Autocomplete Background

Most of the interfaces we use in modern computing contain huge databases of text that can be used to predict what we're trying to type from just a few characters, as shown below:

The process is referred to as autocomplete. The query string is referred to as a prefix, and the word used to complete it is referred to as a term. For example, in the above Google search, a query prefix of "ursi" has an autocompletion of "ursinus college" (ignoring case). The possibilities should be sorted from most likely to least likely given some likelihood. For instance, some phones adapt by counting how many times people type a certain word and showing the most typed words first. In this assignment, since we lack such prior knowledge, we will simply be sorting in descending order by the number of times a word shows up, as counted by the google trillion word corpus.

In order for autocomplete to be practical, it has to be very efficient, not only because the databases of possibilities are often huge (the main one you'll be using in this assignment has over 300,000 words), but because this has to be repeated over and over again as a person types and fills in more characters to the prefix.

In this assignment, you will implement an efficient version of autocomplete using binary search. We will see later in the course how to implement an even more efficient version of autocomplete using a data structure known as a trie, but for now, binary search on a sorted list will be quite a good, practical solution.

Autocomplete Programming Tasks (30 Points)

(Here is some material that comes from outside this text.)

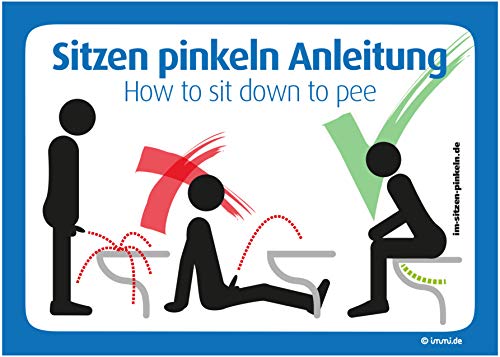 immi 4x WC Gebrauchsanleitung für Im Sitzen pinkeln, lustig, Wie man's macht, A6 von immi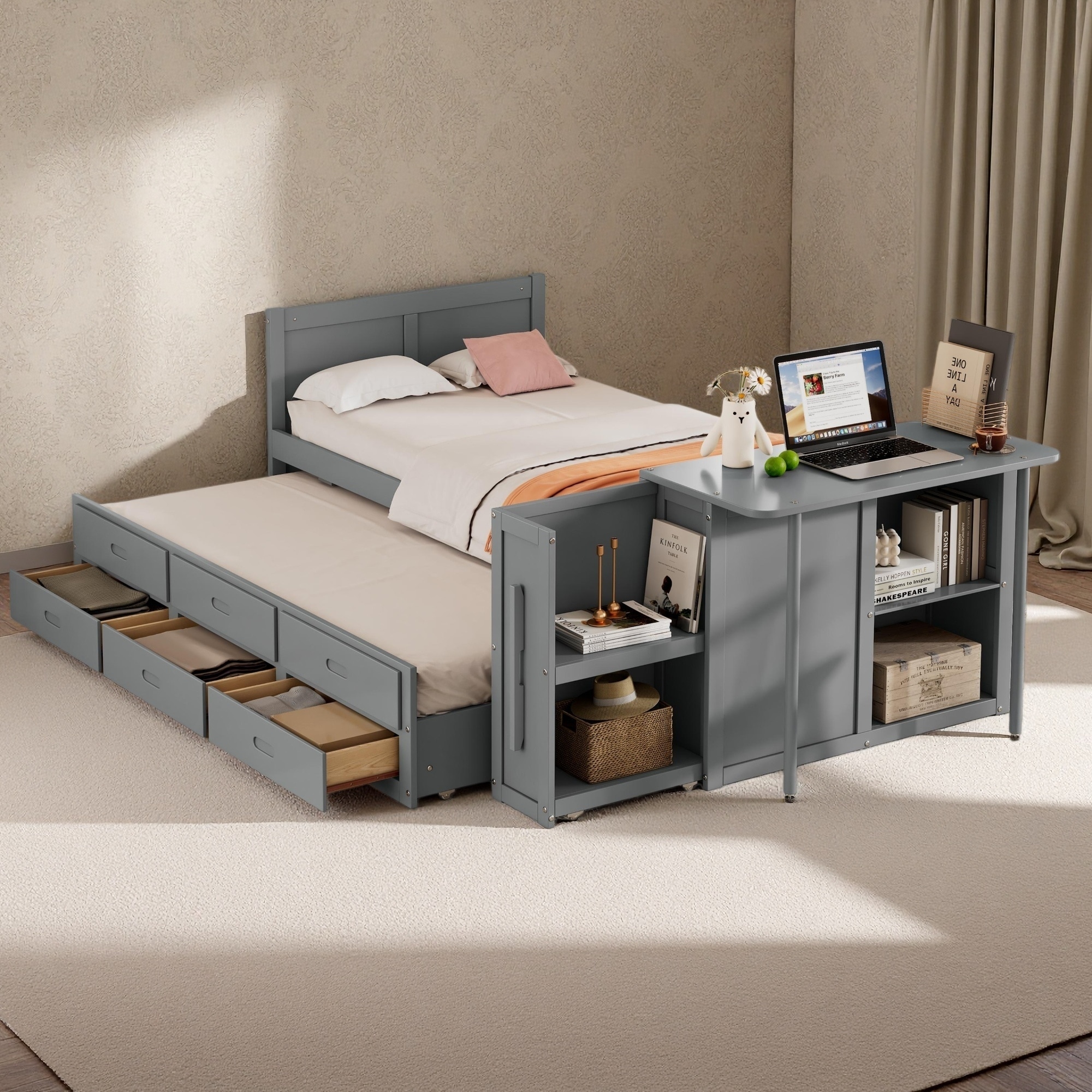Twin Size Multifunctional Wood Platform Bed with Desk, Storage Shelf, Trundle, and 3 Drawers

NOTE: This part of the assignment was heavily inspired by Princeton COS 226

Your first task will be to create a file called autocomplete.py that contains a class called Autocomplete. Your constructor for this class should take as input a path to a file, and it should initialize a list of the words and their counts, sorted in alphabetical order.

You should then create a method called all_matches takes in a prefix as a parameter and returns all matching terms as a list of strings sorted in descending order of importance. The total time complexity of this method should be O(log(N) + m log(m)), where N is the total number of words in the database, and m is the number of words starting with your prefix. In other words, you should use binary search twice: once to find the word containing your prefix that comes first in alphabetical order, and once to find the word containing your prefix which comes last. Then, you should sort the chunk of words in between them in descending order of importance (this step takes O(m log m) time, which we will discuss later in the course).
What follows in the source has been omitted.